QUIP

[Nephew Twiddleton]

Well, I suppose it could still be useful. If I got the gist of it, the information can't travel faster than the speed of light because the particle in question (in this example a photon) can't go faster than that. Can't do shit with it now, but say if you were able to have a conglomeration of particles in some sort of analog to a radio on Earth and the same on Pluto. The particles in one would be entagled with the particles in the other and stabilized so they don't go flying off somewhere else. You could then send a message to Pluto instantaneously instead of a broadcast that would take 5 hours.

That won't work. The only time information is passed between the two particles is when they are "set up" on Pluto and Earth. Once they're in place, no more can go through. It's the fact of their being set up that is the information, in a way.

You really can't get around the speed of light.
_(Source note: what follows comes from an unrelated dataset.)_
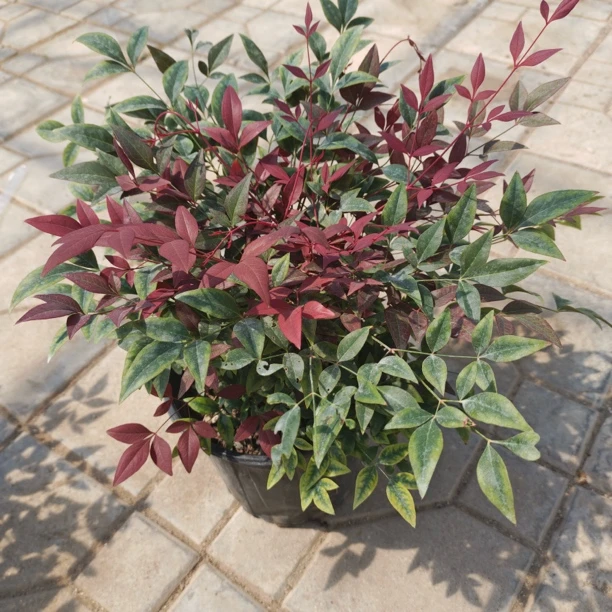 【南天竹】1加仑盆栽红宝石火焰南天竹四季常绿耐寒花园观赏植物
Rat, if I understand you correctly; there isn't really much difference in the case where the particles are kilometres apart and when they're light years apart. You have to use the classical channel in both cases to get the information out. In the case of lightyears, it'll just take years instead of minutes.

Easier to use radio waves, really. They're as fast as you can get. The entanglement thing is really only useful for encryption.
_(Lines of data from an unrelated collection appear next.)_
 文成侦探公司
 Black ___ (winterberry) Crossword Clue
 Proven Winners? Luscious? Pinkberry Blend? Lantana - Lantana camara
You can't respin them? I was figuring a sort of binary system, but if it can't be done more than once, then, fair enough. But is there other research to suggest that?

[Igor]

Rat:
You could - theoretically - send a series of entangled particles. Up up down up down etc. So you've got binary and an arbitrary amount of information.

Twid:
I'm afraid I can't quote any research, this is mostly off the top of my head
But it's the process of generating the entangled particles is what causes them to be "linked" like this. That's the only way for the two particles to be linked. The only way to send more info is to entangle more particles and send them.

Or to borrow from LMNO: what we're dealing with here is an event and two detectors. Thus:
D1 --------  E ------------ D2

Once D1 goes bleep, D2 must go bloop. But once the detectors have sounded, no more info can be gained. Grabbing one particle and twisting would probably cause the superposition to decohere and the link to be lost.

This is fun!
Igor,
degree in theoretical physics,
temp job in an office cube.

[Nephew Twiddleton]

Rat:
You could - theoretically - send a series of entangled particles. Up up down up down etc. So you've got binary and an arbitrary amount of information.

Twid:
I'm afraid I can't quote any research, this is mostly off the top of my head
But it's the process of generating the entangled particles is what causes them to be "linked" like this. That's the only way for the two particles to be linked. The only way to send more info is to entangle more particles and send them.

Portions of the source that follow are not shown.